**Work required:**
Each entry below should be given again exactly; the pictures stay out.

**Provided entries:**
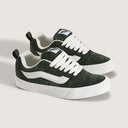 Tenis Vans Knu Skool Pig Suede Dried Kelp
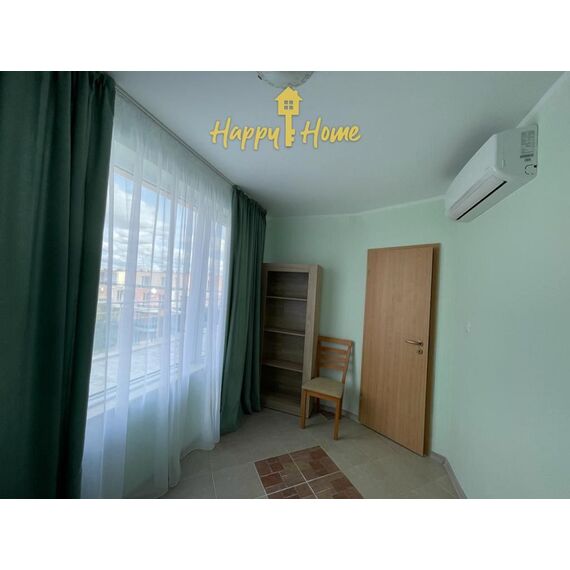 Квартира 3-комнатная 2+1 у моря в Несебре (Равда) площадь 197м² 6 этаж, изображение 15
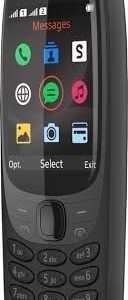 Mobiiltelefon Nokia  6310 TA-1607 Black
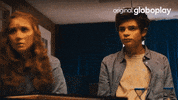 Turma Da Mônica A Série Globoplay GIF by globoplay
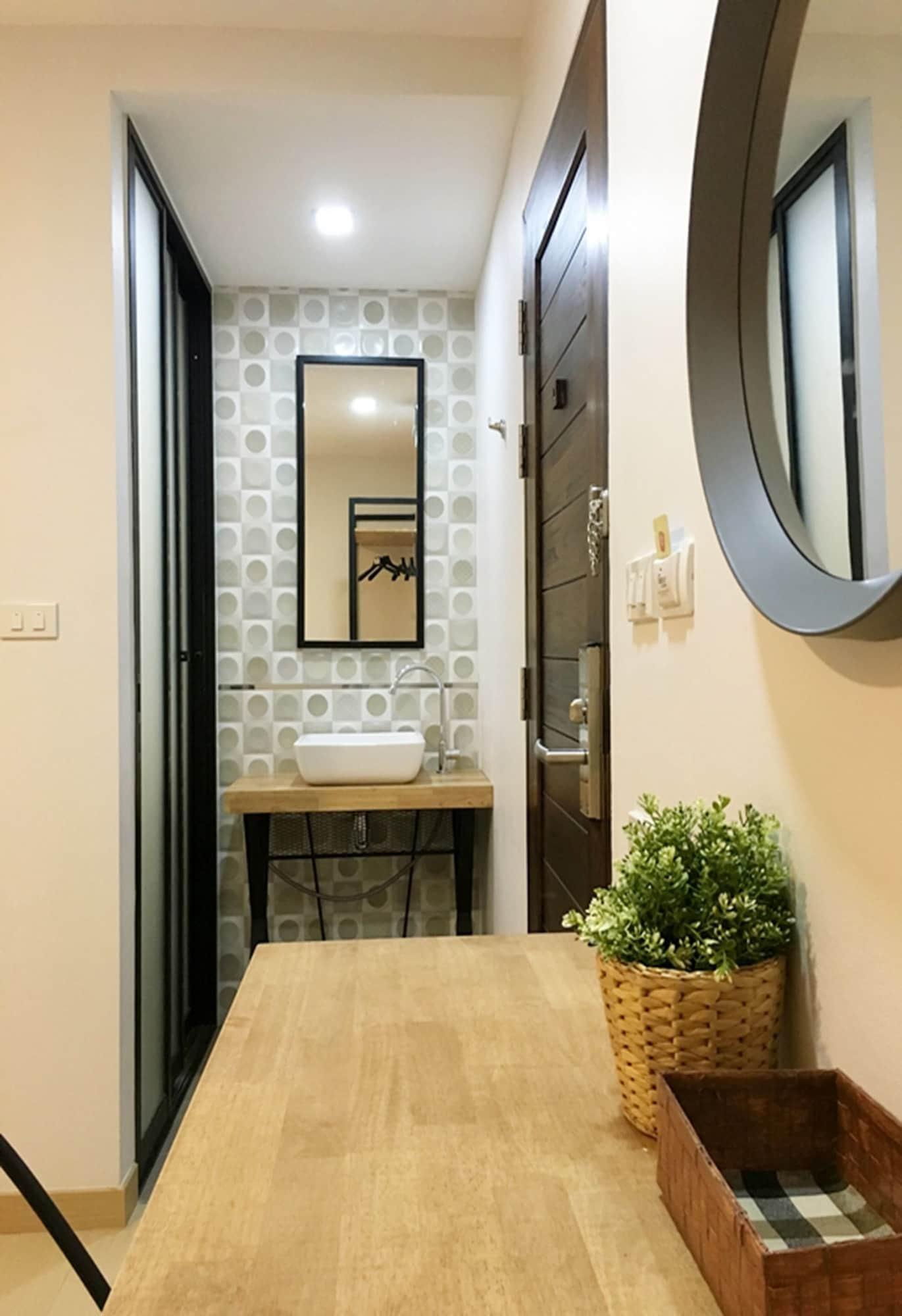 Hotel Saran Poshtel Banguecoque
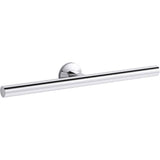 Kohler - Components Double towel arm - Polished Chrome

**Answer:**
 Tenis Vans Knu Skool Pig Suede Dried Kelp
 Квартира 3-комнатная 2+1 у моря в Несебре (Равда) площадь 197м² 6 этаж, изображение 15
 Mobiiltelefon Nokia  6310 TA-1607 Black
 Turma Da Mônica A Série Globoplay GIF by globoplay
 Hotel Saran Poshtel Banguecoque
 Kohler - Components Double towel arm - Polished Chrome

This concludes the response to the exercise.